Although credit card issuers have seen a decline in accounts on file and outstanding balances over the past few years, that trend seems to be turning around in 2014. According to the Mercator Advisory Group’s latest research, this year has been a strong year for credit card issuers. Regular unsecured credit cards, student credit cards, charge cards, and secured cards are all performing well.

Michael Misasi, a senior analyst at Mercator, said that credit card issuers have every reason to have a bright outlook as they head into 2015. “Not only have industry performance metrics shown signs of acceleration, but a few concerning strategic issues have also abated in 2014.”

The Mercator research contains good news for issuers such as American Express, Bank of America, Capital One, Citibank, Discover, Fifth Third, JPMorgan Chase, MasterCard, PNC, US Bank, Visa, and Wells Fargo.

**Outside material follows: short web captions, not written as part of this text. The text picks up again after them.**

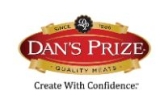 Dan’s Prize meats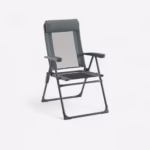 صندلی کمپینگ تاشو QUECHUA - Comfort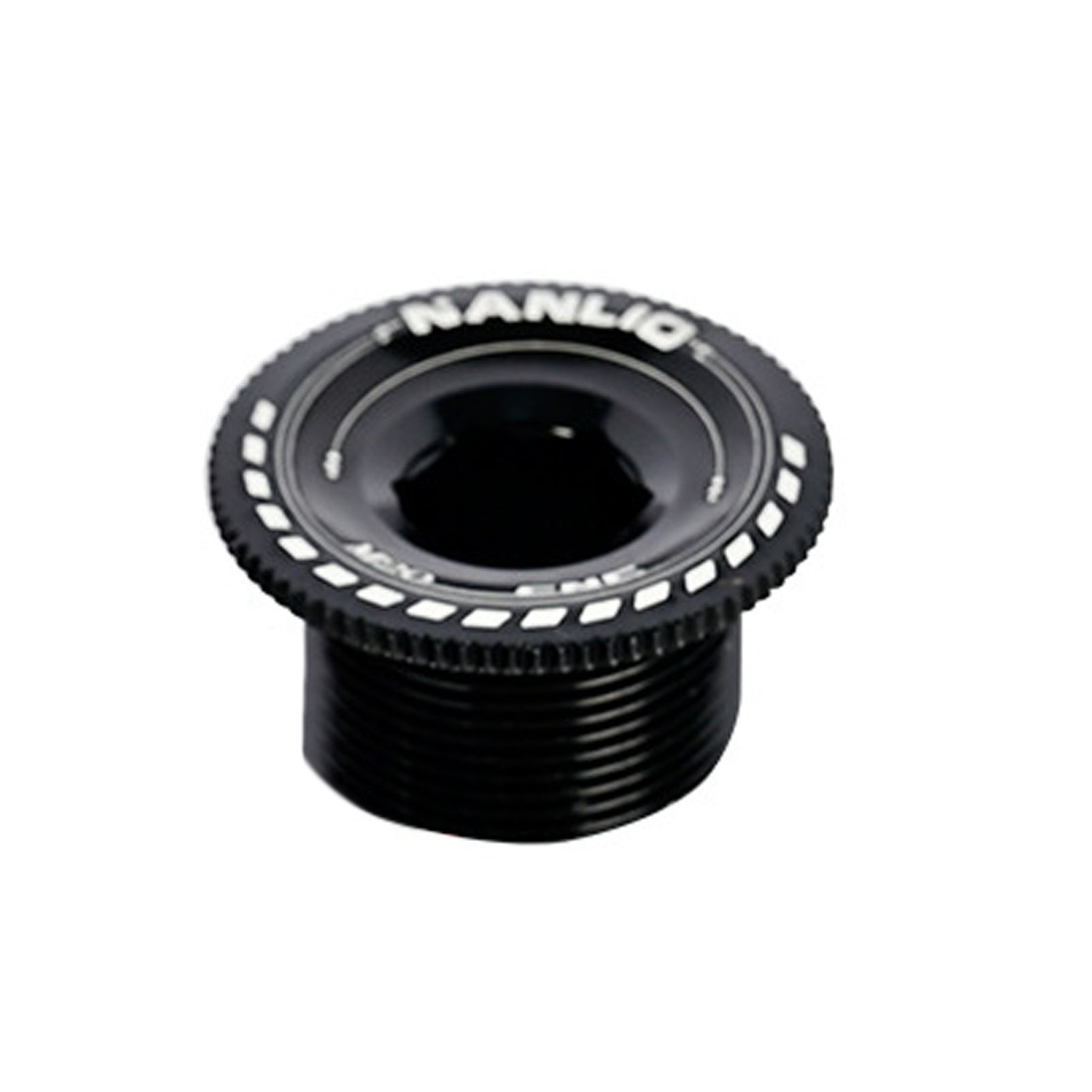 Crank Arm Bolt CNC Process Reliable Useful Crank Screw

Popular credit cards types across the nation

With the economy looking up and both availability and use of credit looking strong, all types of credit cards are enjoying the benefits. Some of the most popular types of credit cards include:

  • Student credit cards: These are good for young people who haven’t accrued much credit history yet and may not be eligible for other kinds of cards. People who are new to the country, new to credit cards, or rebuilding their credit can also benefit from student credit cards. These cards usually have lower limits, but often come with no annual fee and reasonable interest rates.
  • Rewards credit cards: Cards that offer cash back, reward points, frequent flyer miles, and hotel rewards are perennial favorites. The best cards are reserved for folks with good credit, but even people with average credit can find cards that give 1% cash back or even 5% cash back in rotating categories.
  • Charge cards: Unlike regular credit cards, charge cards must be paid in full each statement period. Cardholders cannot carry debt over from one billing period to the next, and consequently, they will not accrue interest on their purchases.
  • Secured cards: Secured credit cards are designed for people who are rebuilding their credit scores. People put down a lump sum as collateral and are given a credit limit equal to that amount. This way, credit issuers are protected in case of consumer default. These types of cards are typically a stepping-stone to better credit, until credit has improved to the extent that users can be approved for more traditional unsecured credit cards.

The Mercator report can be accessed through their website and gives a full recap and forecast of the 2014 credit card scene.